_Task statement_
The answer is to consist only of an exact retyping of the lines from the one containing "BSA Round Logo" to the end of the entries, without pictures.

_Dataset records_
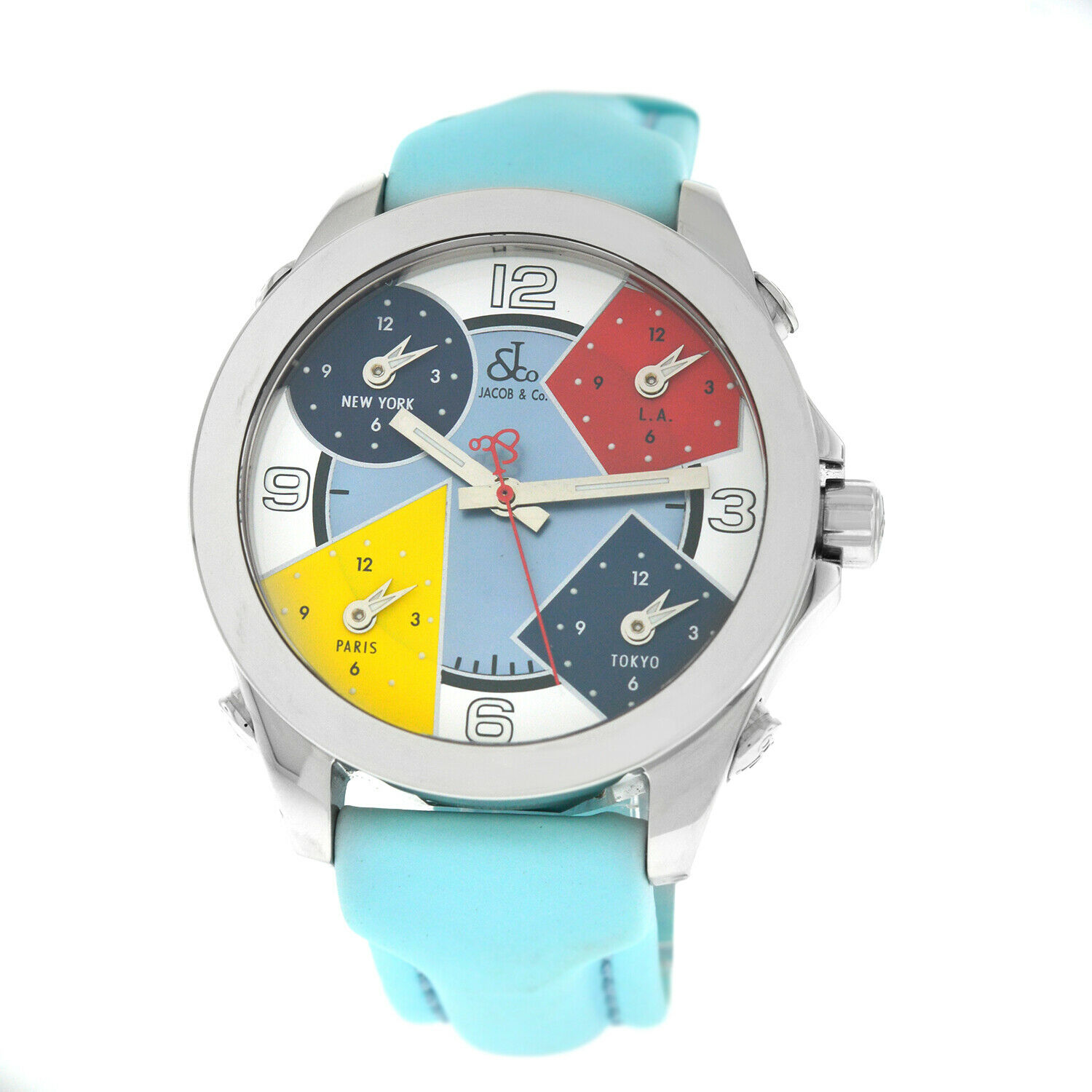 Jacob  Co. Five 5 Time Zone JCM-4 MOP Stainless Steel 40MM Watch Red Strap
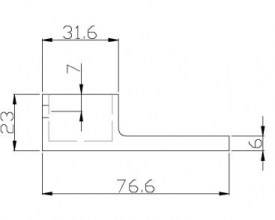 25x21mm Tube Extended Wall Bracket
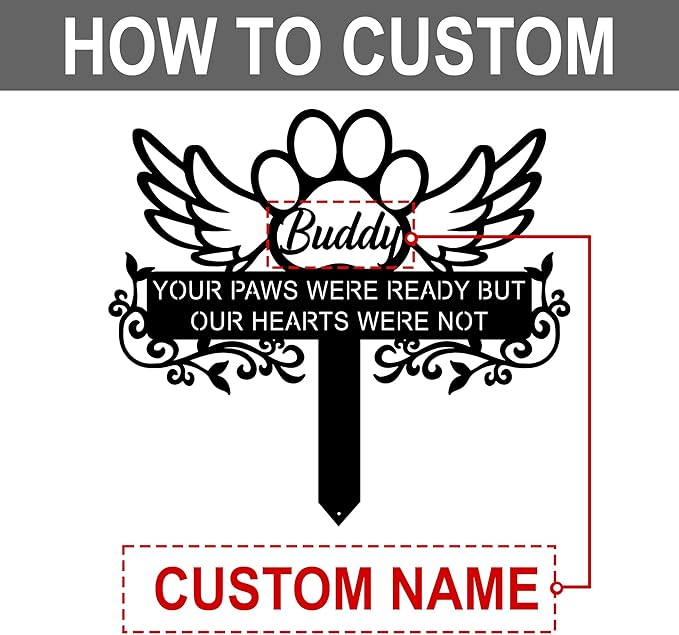 Personalized Angel Pet Memorial Grave Marker Dog Cat Paw, Custom Pet's Name Cemetery Decorations for Funerary, Metal Pet Burial Garden Stake, Outdoor Sympathy Angel Handstone Stake Plaque Gift for Loss Dog Cat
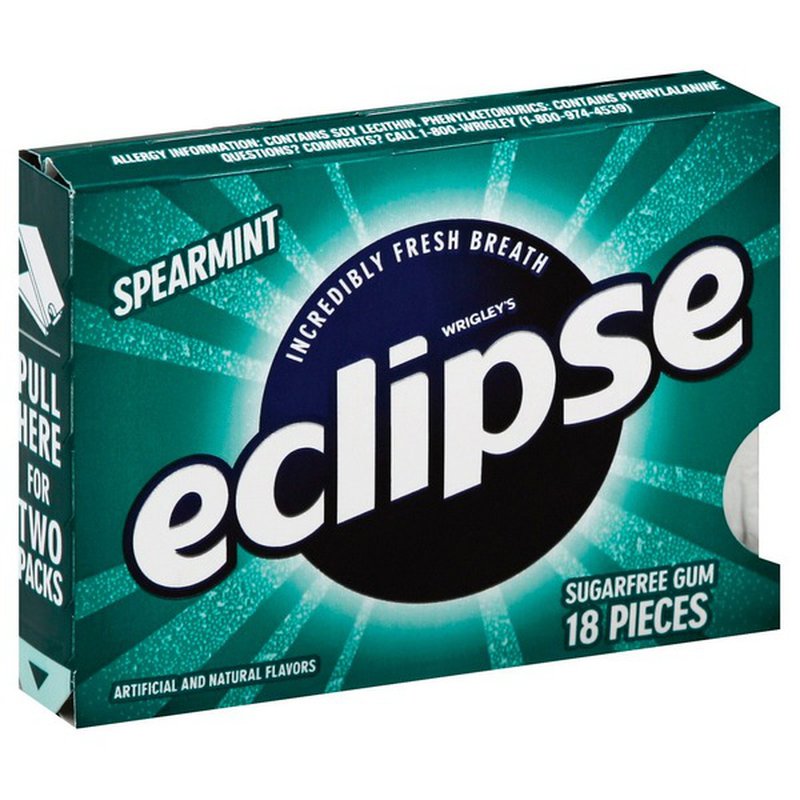 Eclipse Sugar Free Gum, Spearmint, 18 Pieces, 1 Pack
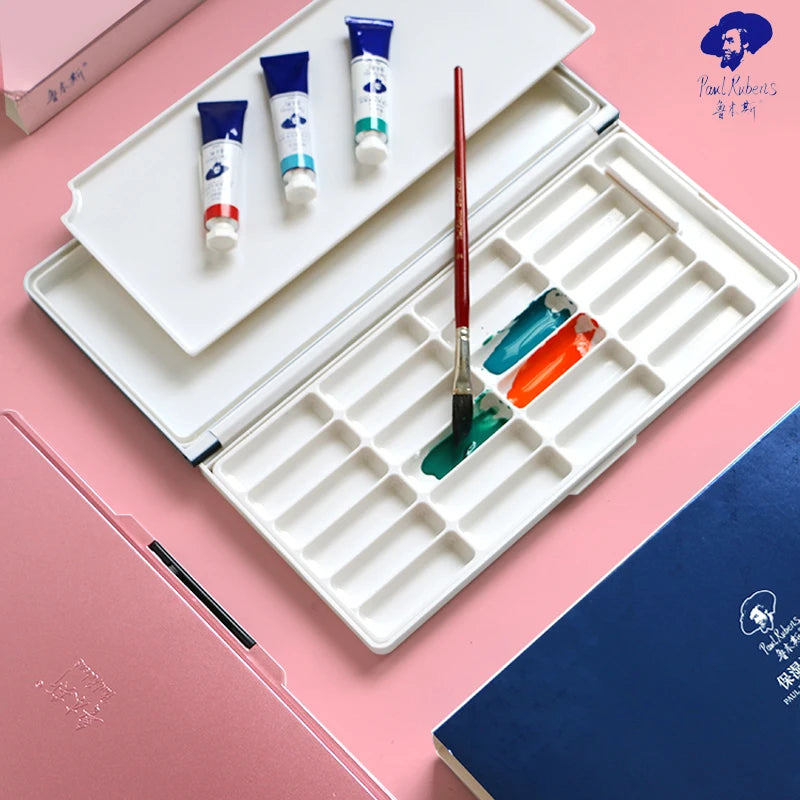 Paul Rubens 24 Grids Watercolor Moisturizing Palette Gouache Acrylic Paint Storage Fine Plastic Tray Box for Art Supplies - Sun Studio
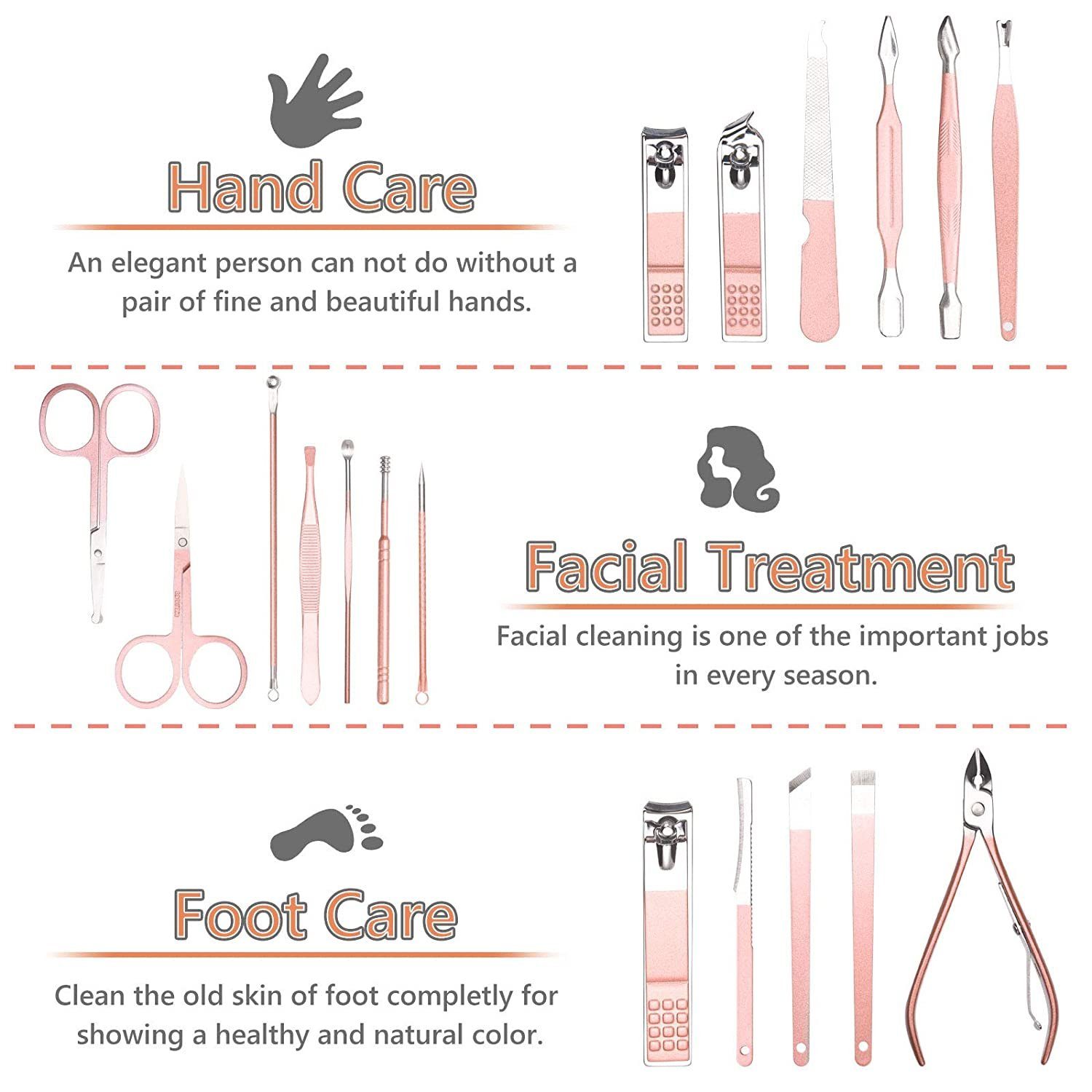 MORRENT Maniküre-Pediküre-Set Nagelknipser Set, 18-teiliges Maniküre Pediküre Set, Nagelpflege Kit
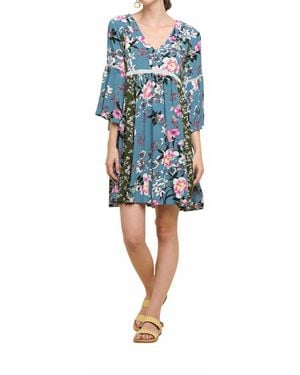 Umgee Floral Bell Sleeve Mini Dress - Black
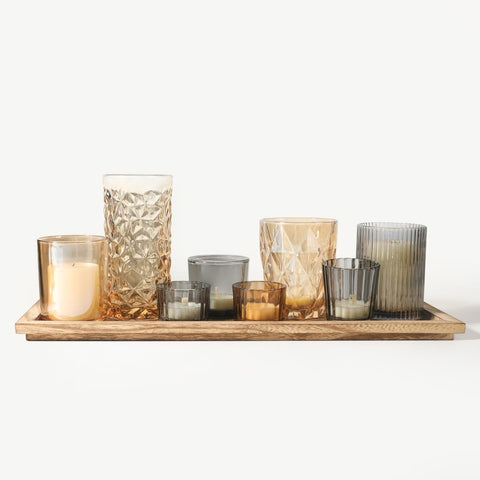 SHOHAYTO rustic wooden tray with eight votive holders for cozy centerpiece displays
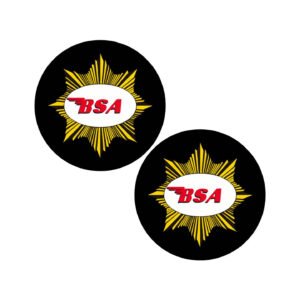 BSA Round Logo Stickers (2-Pack) – Black Disc, Yellow Star Badge
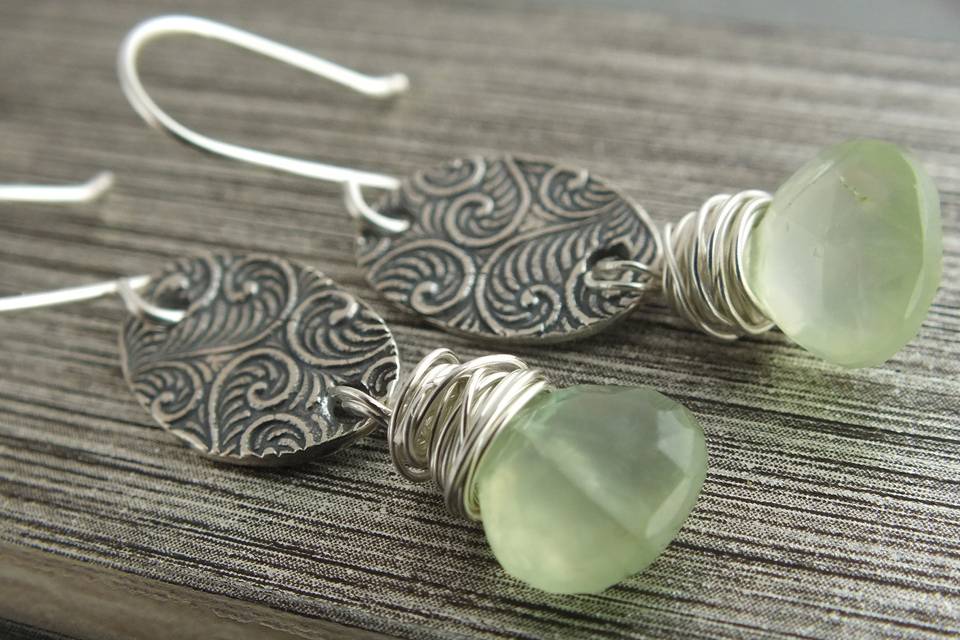 Prehnite wrapped stamped oval dangle .925 earrings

_Response to this exercise_
 BSA Round Logo Stickers (2-Pack) – Black Disc, Yellow Star Badge
 Prehnite wrapped stamped oval dangle .925 earrings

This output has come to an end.